Après le dîner, Nekhludov, à grand’peine, obligea le gérant à s’asseoir : il voulait contrôler ses propres idées et, en même temps, communiquer à quelqu’un ce qui le préoccupait si fort ; il lui fit donc part de son projet d’abandonner ses terres aux paysans, et lui demanda son avis. Le gérant sourit comme s’il pensait tout cela depuis longtemps et qu’il fût heureux de l’entendre exprimer, alors qu’en réalité il n’avait rien compris, et cela, non pas que Nekhludov se fut mal expliqué, mais parce qu’il le voyait renoncer à son intérêt personnel en vue de l’intérêt des autres. Le gérant était si convaincu que tout homme est incapable de s’occuper d’autre chose que de son propre intérêt au détriment de son prochain, qu’il croyait avoir mal compris la proposition de Nekhludov, lorsque celui-ci déclara vouloir employer tout le revenu de ses terres à constituer aux paysans un capital pour les besoins de la communauté.

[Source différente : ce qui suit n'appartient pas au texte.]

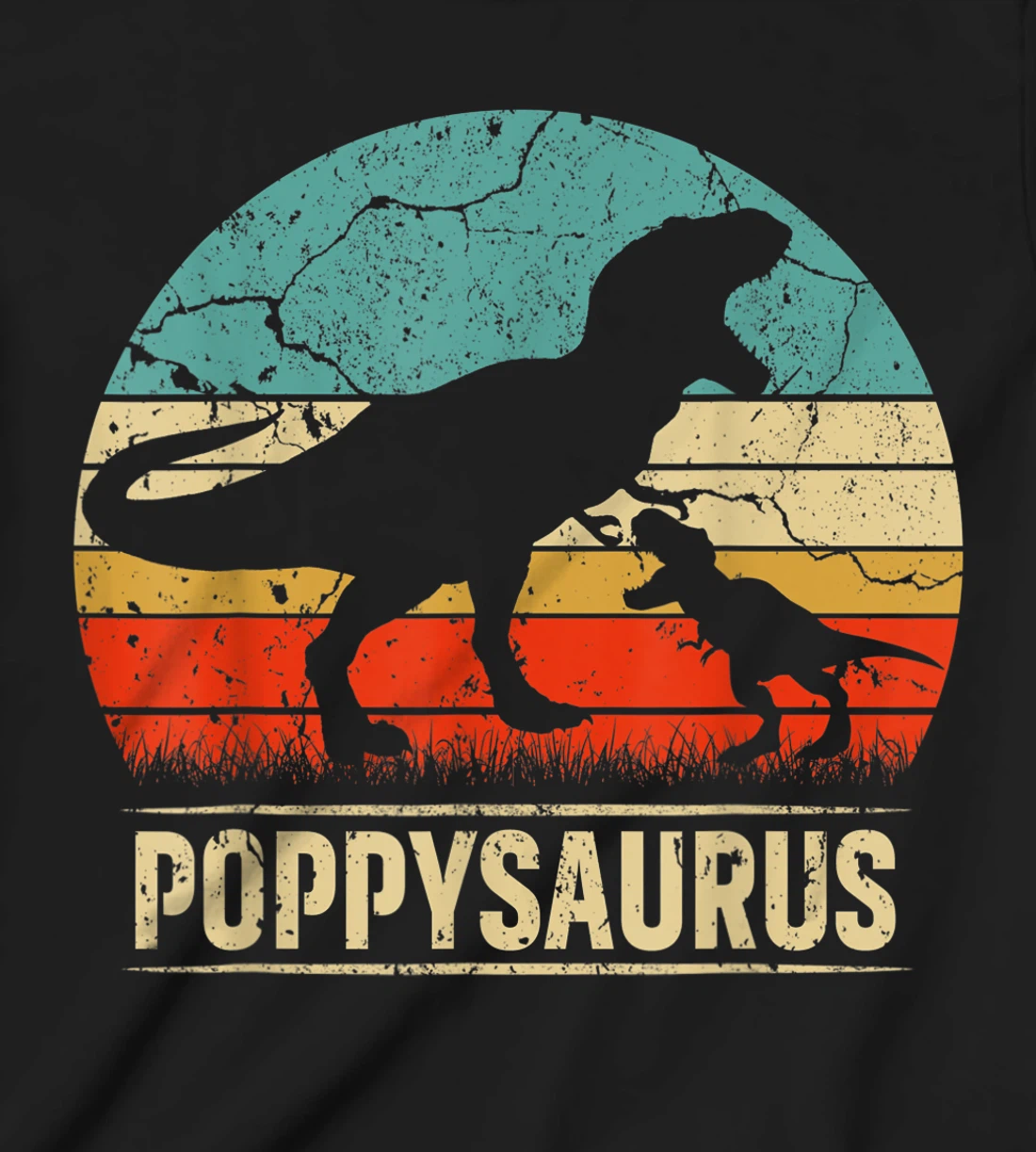 Poppysaurus T Rex Dinosaur Poppy Saurus Family Matching T-Shirt, Kid T-Shirt and Women T-Shirt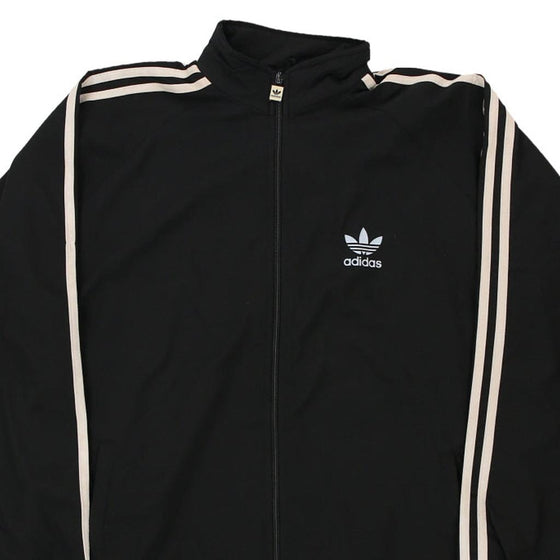 Vintage black Made in USA Adidas Track Jacket - mens x-large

— Je comprends. Ainsi, vous recevrez les intérêts de ce capital ? dit-il tout rayonnant.

— Pas du tout. Comprenez-moi bien : je leur abandonne complètement mes terres.

— Et alors vous ne toucherez pas de revenu ? demanda le gérant en cessant de sourire.

— Eh bien, oui ; j’y renonce.

Le gérant poussa un profond soupir auquel succéda bientôt un nouveau sourire. Maintenant il avait compris. Il avait compris que Nekhludov n’avait pas son bon sens, et aussitôt il se mit à chercher dans le projet de Nekhludov, qui renonçait à ses terres, le moyen d’en tirer un profit personnel, et il voulait à toute force comprendre ce projet d’une manière qui le faisait bénéficier de cet abandon des terres.

Mais quand il se rendit compte que cela aussi était impossible, il en fut peiné et cessa de s’intéresser au projet, et c’est seulement pour être agréable au maître qu’il continua de sourire. Voyant que le gérant ne le comprenait pas, Nekhludov le laissa partir et s’assit à la table toute tailladée et tachée d’encre, et il commença à mettre son projet sur le papier.

Le soleil venait de se coucher derrière le jeune feuillage des tilleuls ; des cousins, par nuées, avaient envahi la chambre et piquaient Nekhludov. Quand il eut fini d’écrire, il entendit par la fenêtre le bruit du bétail qui rentrait, le grincement des portes ouvrant sur les cours, les voix des paysans qui se rendaient à la réunion, et Nekhludov déclara au gérant qu’il ne voulait pas recevoir les paysans au bureau et qu’il irait leur parler au village, devant la maison où ils se réuniraient. Puis il but rapidement un verre de thé, servi par le gérant, et s’achemina de nouveau vers le village.